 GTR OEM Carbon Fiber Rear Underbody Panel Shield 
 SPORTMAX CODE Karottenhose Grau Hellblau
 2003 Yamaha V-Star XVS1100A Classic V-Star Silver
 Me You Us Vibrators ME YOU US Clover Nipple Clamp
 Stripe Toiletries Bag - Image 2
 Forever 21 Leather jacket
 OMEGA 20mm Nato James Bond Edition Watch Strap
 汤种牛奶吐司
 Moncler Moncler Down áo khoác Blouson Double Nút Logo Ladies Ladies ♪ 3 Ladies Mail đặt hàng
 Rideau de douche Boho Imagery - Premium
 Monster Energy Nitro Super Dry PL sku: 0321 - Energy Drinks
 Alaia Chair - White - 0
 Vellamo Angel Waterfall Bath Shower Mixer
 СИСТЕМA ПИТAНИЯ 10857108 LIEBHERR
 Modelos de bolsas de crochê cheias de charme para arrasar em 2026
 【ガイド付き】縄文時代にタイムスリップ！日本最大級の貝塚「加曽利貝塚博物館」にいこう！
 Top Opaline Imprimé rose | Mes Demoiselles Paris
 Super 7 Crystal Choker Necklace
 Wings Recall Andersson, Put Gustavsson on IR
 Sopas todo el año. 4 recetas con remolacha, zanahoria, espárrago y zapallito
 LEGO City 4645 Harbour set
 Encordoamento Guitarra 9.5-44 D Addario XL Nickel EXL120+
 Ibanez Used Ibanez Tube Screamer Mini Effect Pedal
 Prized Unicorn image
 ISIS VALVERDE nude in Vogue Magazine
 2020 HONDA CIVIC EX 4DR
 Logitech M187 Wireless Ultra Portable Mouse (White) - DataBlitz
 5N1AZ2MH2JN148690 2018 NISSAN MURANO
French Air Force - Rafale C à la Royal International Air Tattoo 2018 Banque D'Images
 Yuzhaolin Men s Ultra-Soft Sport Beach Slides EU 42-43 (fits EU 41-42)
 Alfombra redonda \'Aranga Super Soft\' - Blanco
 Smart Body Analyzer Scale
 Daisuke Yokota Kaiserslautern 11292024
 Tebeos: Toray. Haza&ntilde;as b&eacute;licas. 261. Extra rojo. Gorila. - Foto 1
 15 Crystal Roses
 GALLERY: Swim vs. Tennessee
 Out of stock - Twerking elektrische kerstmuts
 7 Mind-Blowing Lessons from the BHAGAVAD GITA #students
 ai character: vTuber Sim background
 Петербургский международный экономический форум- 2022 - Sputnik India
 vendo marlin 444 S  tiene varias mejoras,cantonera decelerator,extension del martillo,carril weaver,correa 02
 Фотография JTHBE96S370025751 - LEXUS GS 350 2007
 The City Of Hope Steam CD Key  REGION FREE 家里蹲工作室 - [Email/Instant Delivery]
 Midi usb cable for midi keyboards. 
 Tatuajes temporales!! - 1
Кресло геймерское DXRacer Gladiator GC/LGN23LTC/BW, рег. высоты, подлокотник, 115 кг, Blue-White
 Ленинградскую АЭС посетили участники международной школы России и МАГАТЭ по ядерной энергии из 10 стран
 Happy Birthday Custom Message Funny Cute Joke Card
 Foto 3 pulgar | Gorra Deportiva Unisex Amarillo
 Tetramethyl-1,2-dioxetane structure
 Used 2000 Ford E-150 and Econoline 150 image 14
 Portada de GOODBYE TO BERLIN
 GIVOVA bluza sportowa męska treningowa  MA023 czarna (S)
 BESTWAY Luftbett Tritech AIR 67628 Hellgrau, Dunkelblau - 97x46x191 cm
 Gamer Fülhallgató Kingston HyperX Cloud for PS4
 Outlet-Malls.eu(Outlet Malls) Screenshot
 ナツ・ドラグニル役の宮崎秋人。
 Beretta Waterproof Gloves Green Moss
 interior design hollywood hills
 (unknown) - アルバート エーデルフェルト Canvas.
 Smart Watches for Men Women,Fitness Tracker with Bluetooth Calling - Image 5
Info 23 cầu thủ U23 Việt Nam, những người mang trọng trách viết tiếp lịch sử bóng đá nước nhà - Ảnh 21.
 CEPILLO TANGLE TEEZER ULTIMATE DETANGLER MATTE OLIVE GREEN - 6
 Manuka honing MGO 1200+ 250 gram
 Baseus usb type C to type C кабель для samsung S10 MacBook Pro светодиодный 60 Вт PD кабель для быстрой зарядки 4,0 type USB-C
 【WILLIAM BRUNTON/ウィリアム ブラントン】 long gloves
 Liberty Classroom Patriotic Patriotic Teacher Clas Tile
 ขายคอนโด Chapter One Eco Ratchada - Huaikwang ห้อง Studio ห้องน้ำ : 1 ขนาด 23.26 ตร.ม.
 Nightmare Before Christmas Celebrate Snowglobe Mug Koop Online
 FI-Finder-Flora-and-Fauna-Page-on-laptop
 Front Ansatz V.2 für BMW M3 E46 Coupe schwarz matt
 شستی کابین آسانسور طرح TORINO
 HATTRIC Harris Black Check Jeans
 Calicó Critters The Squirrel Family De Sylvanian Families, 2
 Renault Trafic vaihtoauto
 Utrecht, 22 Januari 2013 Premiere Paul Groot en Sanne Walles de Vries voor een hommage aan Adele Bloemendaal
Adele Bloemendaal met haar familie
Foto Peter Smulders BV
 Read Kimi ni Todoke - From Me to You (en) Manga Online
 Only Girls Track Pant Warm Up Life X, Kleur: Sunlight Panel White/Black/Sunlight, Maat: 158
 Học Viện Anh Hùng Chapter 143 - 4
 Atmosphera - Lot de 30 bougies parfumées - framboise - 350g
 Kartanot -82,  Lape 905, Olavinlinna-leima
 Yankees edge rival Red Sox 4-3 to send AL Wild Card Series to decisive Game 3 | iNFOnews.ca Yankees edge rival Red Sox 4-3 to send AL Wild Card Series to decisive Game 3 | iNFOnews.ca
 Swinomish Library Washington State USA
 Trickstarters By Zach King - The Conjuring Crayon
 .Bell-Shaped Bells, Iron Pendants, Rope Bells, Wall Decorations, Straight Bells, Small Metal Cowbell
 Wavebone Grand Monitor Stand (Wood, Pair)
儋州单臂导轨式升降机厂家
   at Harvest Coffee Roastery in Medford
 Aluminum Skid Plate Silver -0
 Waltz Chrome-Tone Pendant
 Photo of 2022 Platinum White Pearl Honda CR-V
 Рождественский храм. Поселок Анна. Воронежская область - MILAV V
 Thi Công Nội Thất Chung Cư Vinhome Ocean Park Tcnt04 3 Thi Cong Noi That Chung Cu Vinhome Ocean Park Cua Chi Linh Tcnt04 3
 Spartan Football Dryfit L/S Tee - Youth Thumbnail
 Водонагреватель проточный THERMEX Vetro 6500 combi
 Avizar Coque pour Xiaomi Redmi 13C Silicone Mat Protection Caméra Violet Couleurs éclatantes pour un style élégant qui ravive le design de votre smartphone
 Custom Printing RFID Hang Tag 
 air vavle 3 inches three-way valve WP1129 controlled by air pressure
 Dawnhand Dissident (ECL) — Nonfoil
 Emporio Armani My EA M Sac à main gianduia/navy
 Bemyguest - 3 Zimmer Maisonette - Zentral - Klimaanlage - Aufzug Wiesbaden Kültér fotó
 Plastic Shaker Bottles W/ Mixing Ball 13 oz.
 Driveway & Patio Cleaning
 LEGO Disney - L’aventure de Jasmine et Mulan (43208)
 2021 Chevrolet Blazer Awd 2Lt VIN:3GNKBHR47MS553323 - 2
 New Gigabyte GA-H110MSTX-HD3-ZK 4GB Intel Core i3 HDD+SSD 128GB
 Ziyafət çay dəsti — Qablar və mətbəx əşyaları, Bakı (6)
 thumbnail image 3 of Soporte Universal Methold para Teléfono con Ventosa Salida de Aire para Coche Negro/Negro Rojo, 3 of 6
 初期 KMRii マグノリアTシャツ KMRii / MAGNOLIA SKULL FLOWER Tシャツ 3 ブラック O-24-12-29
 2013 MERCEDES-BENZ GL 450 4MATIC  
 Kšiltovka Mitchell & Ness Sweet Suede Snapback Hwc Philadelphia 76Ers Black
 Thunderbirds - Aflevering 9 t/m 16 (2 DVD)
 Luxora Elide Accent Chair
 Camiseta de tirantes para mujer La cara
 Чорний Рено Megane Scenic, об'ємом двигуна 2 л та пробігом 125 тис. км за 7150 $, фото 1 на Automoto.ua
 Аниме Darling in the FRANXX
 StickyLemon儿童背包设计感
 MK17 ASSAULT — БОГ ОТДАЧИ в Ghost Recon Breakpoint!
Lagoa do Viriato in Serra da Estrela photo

******

Your objective> Each line from the one containing "Аниме Darling in the FRANXX" through the final line of the records must be repeated exactly, with no line added or dropped.

Solution for this task>
 Аниме Darling in the FRANXX
 StickyLemon儿童背包设计感
 MK17 ASSAULT — БОГ ОТДАЧИ в Ghost Recon Breakpoint!
Lagoa do Viriato in Serra da Estrela photo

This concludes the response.